The Post & Courier makes the point that workers actively working with asbestos - a common material for insulation - toiled largely without protection until the early 1980s, when the dangers associated with asbestos started coming to the fore of public consciousness (even though there is documentation that suggests asbestos was suspected as a carcinogen as far back as the early 1900s).

By then it would have been too late for many of the workers, many of whom are just now grappling with the horrific effects of asbestosis and Mesothelioma - the latter a condition stemming from exposure to asbestos dust that affects the lining around the lungs and other vital organs.

Mesothelioma can take upwards of 30 years to take hold. Employers detecting no outward signs of illness often kept workers on the job and thought little of any risks associated with exposure, not realizing that it may have already been too late.

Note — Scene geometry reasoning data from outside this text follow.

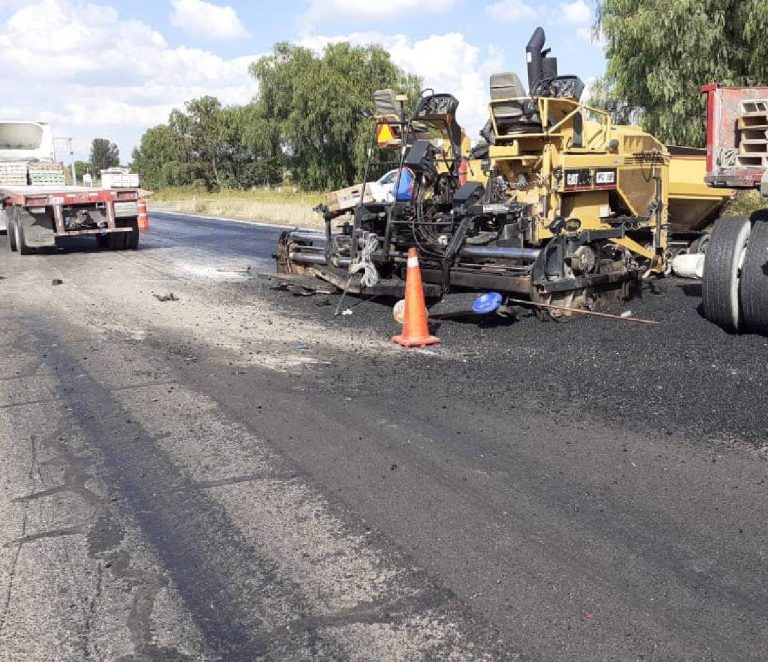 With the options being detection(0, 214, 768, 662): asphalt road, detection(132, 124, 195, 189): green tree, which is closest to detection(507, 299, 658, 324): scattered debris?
detection(0, 214, 768, 662): asphalt road

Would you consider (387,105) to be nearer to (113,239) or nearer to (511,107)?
(511,107)

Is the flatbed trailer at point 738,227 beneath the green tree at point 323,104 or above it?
beneath

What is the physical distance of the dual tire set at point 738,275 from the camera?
7262 mm

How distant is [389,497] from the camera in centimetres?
438

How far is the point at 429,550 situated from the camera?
3.78 meters

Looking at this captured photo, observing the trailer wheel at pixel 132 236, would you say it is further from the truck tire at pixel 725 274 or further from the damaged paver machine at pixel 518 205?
the truck tire at pixel 725 274

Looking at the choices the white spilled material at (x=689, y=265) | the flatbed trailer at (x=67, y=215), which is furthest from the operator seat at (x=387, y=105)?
the flatbed trailer at (x=67, y=215)

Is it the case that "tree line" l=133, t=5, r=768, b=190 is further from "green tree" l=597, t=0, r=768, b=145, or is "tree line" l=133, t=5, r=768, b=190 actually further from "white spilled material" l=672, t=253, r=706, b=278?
"white spilled material" l=672, t=253, r=706, b=278

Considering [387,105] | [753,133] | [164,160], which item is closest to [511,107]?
[387,105]

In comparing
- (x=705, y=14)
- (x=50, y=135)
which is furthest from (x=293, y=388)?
(x=50, y=135)

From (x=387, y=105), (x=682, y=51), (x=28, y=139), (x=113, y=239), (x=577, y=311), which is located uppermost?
(x=682, y=51)

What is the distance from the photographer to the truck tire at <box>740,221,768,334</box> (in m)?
7.22

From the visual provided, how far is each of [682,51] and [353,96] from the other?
24687mm

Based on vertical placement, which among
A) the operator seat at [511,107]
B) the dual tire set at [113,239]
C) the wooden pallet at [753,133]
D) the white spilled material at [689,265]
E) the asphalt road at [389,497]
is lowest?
the asphalt road at [389,497] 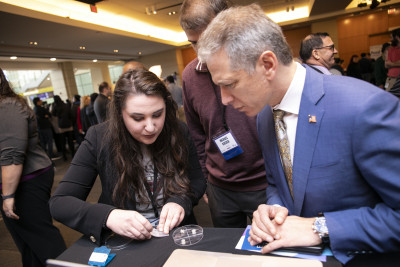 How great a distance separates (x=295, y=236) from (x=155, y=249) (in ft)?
1.52

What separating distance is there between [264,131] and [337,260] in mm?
507

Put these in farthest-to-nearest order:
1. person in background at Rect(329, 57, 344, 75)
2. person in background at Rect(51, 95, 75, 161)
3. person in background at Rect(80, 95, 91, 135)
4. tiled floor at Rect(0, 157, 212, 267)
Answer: person in background at Rect(51, 95, 75, 161) → person in background at Rect(80, 95, 91, 135) → person in background at Rect(329, 57, 344, 75) → tiled floor at Rect(0, 157, 212, 267)

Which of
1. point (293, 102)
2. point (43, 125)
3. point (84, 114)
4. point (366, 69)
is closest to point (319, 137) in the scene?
point (293, 102)

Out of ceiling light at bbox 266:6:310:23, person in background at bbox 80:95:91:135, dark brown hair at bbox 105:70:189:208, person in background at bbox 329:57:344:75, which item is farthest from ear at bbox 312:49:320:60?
ceiling light at bbox 266:6:310:23

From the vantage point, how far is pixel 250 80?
845 mm

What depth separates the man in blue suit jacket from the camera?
0.70 m

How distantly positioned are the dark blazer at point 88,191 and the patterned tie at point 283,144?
1.67 feet

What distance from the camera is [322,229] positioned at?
76 centimetres

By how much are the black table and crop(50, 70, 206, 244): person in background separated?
0.16m

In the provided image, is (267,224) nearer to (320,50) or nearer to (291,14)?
(320,50)

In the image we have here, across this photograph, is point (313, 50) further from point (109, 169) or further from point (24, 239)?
point (24, 239)

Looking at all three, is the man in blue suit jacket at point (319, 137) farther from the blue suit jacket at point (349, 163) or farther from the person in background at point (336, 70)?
the person in background at point (336, 70)

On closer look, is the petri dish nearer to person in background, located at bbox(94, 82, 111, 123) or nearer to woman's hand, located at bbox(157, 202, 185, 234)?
woman's hand, located at bbox(157, 202, 185, 234)

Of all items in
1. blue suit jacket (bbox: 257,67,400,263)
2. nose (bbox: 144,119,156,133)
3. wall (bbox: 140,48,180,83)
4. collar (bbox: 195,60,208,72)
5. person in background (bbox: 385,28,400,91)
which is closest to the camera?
blue suit jacket (bbox: 257,67,400,263) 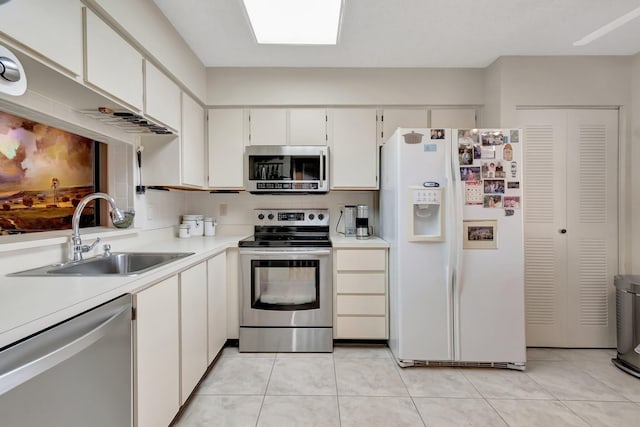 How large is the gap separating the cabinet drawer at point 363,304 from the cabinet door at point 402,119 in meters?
1.41

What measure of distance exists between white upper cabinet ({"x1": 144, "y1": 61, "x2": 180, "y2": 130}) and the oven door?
3.67 feet

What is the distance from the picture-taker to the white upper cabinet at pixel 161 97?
6.09ft

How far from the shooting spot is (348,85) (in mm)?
2799

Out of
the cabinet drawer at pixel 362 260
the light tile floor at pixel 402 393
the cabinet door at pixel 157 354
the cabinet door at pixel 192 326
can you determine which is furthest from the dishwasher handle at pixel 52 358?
the cabinet drawer at pixel 362 260

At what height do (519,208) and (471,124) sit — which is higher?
(471,124)

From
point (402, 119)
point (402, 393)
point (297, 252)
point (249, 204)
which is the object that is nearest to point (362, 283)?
point (297, 252)

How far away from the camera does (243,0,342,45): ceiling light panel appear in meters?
1.80

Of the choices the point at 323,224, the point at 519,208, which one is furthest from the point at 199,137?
the point at 519,208

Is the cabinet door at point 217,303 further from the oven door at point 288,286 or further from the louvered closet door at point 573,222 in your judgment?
the louvered closet door at point 573,222

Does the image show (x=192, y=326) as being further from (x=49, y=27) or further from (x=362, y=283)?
(x=49, y=27)

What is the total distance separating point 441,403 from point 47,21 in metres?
2.62

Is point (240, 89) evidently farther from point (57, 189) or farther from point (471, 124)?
point (471, 124)

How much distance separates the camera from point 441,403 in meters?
1.83

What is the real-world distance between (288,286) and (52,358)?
1718mm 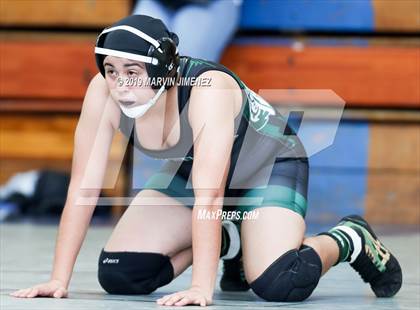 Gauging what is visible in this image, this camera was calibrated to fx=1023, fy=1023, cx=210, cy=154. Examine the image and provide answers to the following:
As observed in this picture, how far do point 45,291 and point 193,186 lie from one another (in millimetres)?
556

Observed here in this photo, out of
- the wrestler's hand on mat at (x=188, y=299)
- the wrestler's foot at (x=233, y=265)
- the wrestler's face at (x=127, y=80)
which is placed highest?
the wrestler's face at (x=127, y=80)

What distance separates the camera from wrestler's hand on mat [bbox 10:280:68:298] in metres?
3.11

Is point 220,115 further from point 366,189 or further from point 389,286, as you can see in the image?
point 366,189

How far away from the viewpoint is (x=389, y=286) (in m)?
3.49

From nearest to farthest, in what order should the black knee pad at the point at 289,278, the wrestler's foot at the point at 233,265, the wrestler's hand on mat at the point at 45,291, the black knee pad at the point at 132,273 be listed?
the wrestler's hand on mat at the point at 45,291 < the black knee pad at the point at 289,278 < the black knee pad at the point at 132,273 < the wrestler's foot at the point at 233,265

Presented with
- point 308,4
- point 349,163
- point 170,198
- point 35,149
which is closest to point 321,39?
point 308,4

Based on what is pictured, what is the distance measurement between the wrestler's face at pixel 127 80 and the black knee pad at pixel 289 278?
68 cm

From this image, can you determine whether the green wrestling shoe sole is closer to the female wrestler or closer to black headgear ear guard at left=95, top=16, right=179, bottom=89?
the female wrestler

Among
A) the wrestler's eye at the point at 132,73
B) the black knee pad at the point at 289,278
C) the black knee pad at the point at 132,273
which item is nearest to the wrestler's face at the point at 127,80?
the wrestler's eye at the point at 132,73

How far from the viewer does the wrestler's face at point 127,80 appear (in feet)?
10.3

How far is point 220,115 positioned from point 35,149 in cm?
395

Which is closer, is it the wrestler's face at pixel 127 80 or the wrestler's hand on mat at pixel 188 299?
the wrestler's hand on mat at pixel 188 299

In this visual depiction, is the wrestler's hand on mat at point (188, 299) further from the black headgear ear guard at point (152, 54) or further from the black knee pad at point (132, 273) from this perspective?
the black headgear ear guard at point (152, 54)

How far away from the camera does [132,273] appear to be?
3404mm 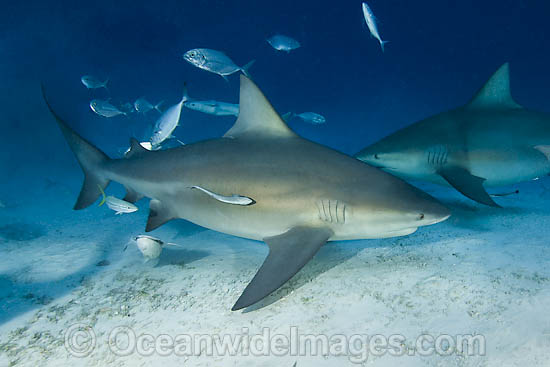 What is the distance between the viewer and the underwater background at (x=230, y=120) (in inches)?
90.0

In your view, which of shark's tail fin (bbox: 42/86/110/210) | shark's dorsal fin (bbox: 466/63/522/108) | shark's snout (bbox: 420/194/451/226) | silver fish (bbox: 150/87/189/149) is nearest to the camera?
shark's snout (bbox: 420/194/451/226)

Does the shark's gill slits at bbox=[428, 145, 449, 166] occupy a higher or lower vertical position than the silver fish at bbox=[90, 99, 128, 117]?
higher

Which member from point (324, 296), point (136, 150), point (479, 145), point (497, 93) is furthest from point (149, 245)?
point (497, 93)

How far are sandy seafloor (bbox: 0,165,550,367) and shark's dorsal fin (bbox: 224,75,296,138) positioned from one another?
55.5 inches

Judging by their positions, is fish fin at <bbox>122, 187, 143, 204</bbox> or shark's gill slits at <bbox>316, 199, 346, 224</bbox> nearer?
shark's gill slits at <bbox>316, 199, 346, 224</bbox>

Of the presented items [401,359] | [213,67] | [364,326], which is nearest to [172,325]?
[364,326]

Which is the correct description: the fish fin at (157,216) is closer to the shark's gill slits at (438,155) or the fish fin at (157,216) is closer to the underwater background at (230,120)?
the underwater background at (230,120)

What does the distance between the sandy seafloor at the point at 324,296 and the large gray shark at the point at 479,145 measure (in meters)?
0.71

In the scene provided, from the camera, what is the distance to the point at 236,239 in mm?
5254

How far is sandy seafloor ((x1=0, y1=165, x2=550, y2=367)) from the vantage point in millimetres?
1932

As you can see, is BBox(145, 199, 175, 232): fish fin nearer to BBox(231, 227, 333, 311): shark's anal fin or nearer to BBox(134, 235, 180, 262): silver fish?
BBox(134, 235, 180, 262): silver fish

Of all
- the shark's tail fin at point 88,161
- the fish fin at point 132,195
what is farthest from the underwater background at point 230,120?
the shark's tail fin at point 88,161

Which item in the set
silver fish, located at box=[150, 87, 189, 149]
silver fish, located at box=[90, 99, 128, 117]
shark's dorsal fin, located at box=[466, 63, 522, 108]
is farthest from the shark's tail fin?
shark's dorsal fin, located at box=[466, 63, 522, 108]

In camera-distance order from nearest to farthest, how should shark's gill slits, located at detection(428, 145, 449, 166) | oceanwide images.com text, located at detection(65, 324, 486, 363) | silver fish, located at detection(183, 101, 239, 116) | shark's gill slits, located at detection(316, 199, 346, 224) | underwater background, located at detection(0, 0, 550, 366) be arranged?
1. oceanwide images.com text, located at detection(65, 324, 486, 363)
2. underwater background, located at detection(0, 0, 550, 366)
3. shark's gill slits, located at detection(316, 199, 346, 224)
4. shark's gill slits, located at detection(428, 145, 449, 166)
5. silver fish, located at detection(183, 101, 239, 116) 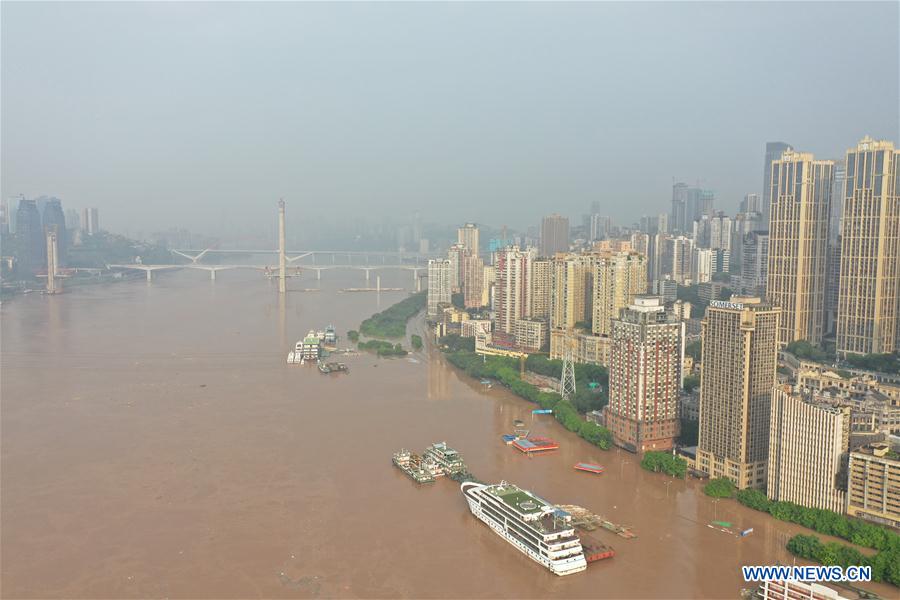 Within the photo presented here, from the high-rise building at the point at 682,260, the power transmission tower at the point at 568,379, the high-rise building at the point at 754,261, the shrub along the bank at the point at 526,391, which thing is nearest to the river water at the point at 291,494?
the shrub along the bank at the point at 526,391

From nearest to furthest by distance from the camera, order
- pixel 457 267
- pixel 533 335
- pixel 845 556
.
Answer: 1. pixel 845 556
2. pixel 533 335
3. pixel 457 267

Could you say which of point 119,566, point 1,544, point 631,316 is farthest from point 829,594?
point 1,544

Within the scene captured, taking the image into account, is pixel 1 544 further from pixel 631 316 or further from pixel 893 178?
pixel 893 178

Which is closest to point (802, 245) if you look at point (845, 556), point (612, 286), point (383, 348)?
point (612, 286)

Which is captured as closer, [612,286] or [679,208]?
[612,286]

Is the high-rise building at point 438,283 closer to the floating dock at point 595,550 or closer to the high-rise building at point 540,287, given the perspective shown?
the high-rise building at point 540,287

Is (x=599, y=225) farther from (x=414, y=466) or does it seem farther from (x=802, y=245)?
(x=414, y=466) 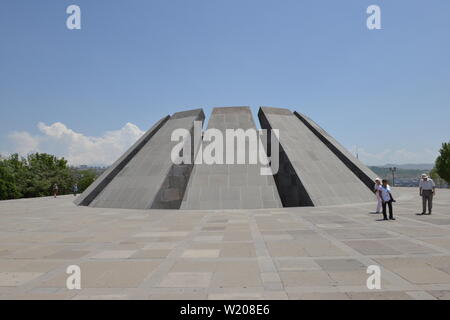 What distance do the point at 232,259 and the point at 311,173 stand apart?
47.9ft

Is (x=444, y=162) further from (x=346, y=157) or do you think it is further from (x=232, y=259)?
(x=232, y=259)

While laws passed in 2006 in the South Carolina state legislature improved the litigation environment for litigants and helped speed up the process (an important consideration for plaintiffs suffering from asbestos cancer, given the dire prognosis…), it remains a reality that many plaintiffs perish before their lawsuits have the opportunity to get through the pipeline. In South Carolina, according to the Post & Courier, Mesothelioma and asbestosis cases are heard by just one circuit court judge across four terms in a year.

This means it could take anywhere from one to three years for a case to reach the jury. Plaintiffs, on the other hand, having been diagnosed with mesothelioma, have basically a year to live. Pundits have maintained that having a plaintiff succumb to asbestos cancer before a case reaches its conclusion carries the risk of weakening the outcome. Defendants, as one might expect, attempt to drag a case out as long as possible in order to achieve that circumstance.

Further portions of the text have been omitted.